A quick search of the online archives at the New York Times confirmed my suspicions that he had lapsed into a mysterious silence. While his byline had appeared seven times in 2011—nearly always bashing the conservatives whose “death” he had pronounced two years earlier—Tanenhaus hadn’t written anything for the Times in 2012 since a January 15 article in which he pretended to discern evidence of fading Tea Party influence amid the early Republican primary results. His most recent byline was not in the Times, nor in the New Republic—which last published Tanenhaus in December 2011—but instead in Newsweek, the bankrupt magazine that was taken over by Tina Brown and which reportedly lost $20 million during her first year as its editor. The June 26 issue of Newsweek included a Tanenhaus article about British novelist Martin Amis, which offered a chance to take a jab at the conservatism that refuses to die: “Today Amis marvels, like so many others, at how far the right has moved. In 2012 Ronald Reagan seems ‘a wild liberal,’ he says.” After that, however, Tanenhaus seemed to disappear entirely.

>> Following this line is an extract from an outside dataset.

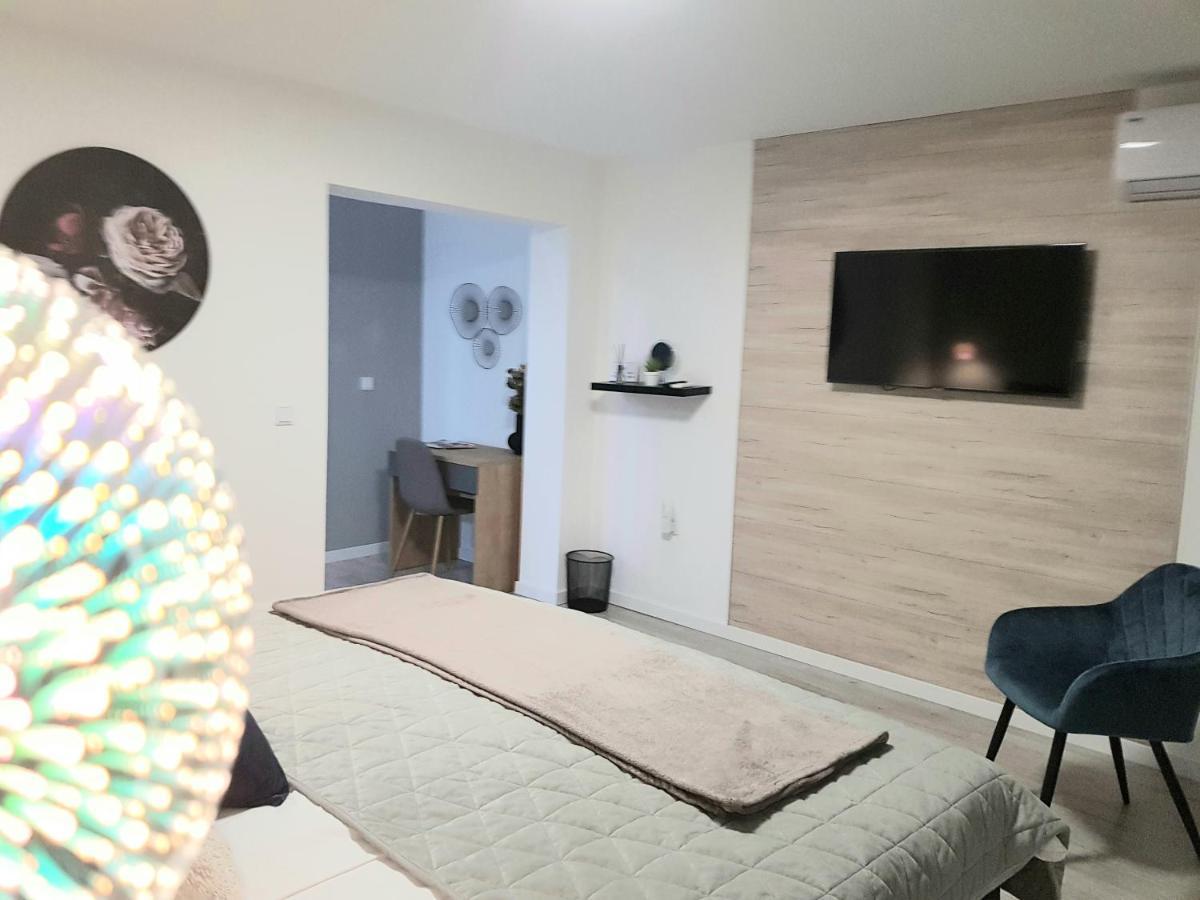 Rooms Vanteo Korenica Extérieur photo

The most likely explanation for Tanenhaus’s vanishing act is embarrassment at seeing his fame turn so suddenly to infamy, as the conservatism he wishfully pronounced dead has proven so difficult to kill. One imagines him nowadays as a sort of misanthropic recluse, either stumbling around his apartment in a daze or curled up in a fetal position on his sofa, muttering imprecations against those damned voters who refused to accept his “autopsy” as conclusive. When last I checked, The Death of Conservatism could be purchased for one cent from Amazon.com, and the sales ranking for Tanenhaus’s formerly acclaimed volume was 585,392—not even among the top half-million most popular books.
Entire months now pass without any evidence that Sam Tanenhaus is still among the living. Few people notice and still fewer care. His political irrelevance and obscurity are complete, and inarguably well deserved. And in The Death of Liberalism, Tyrrell provides the obituary for Tanenhaus’s “autopsy.”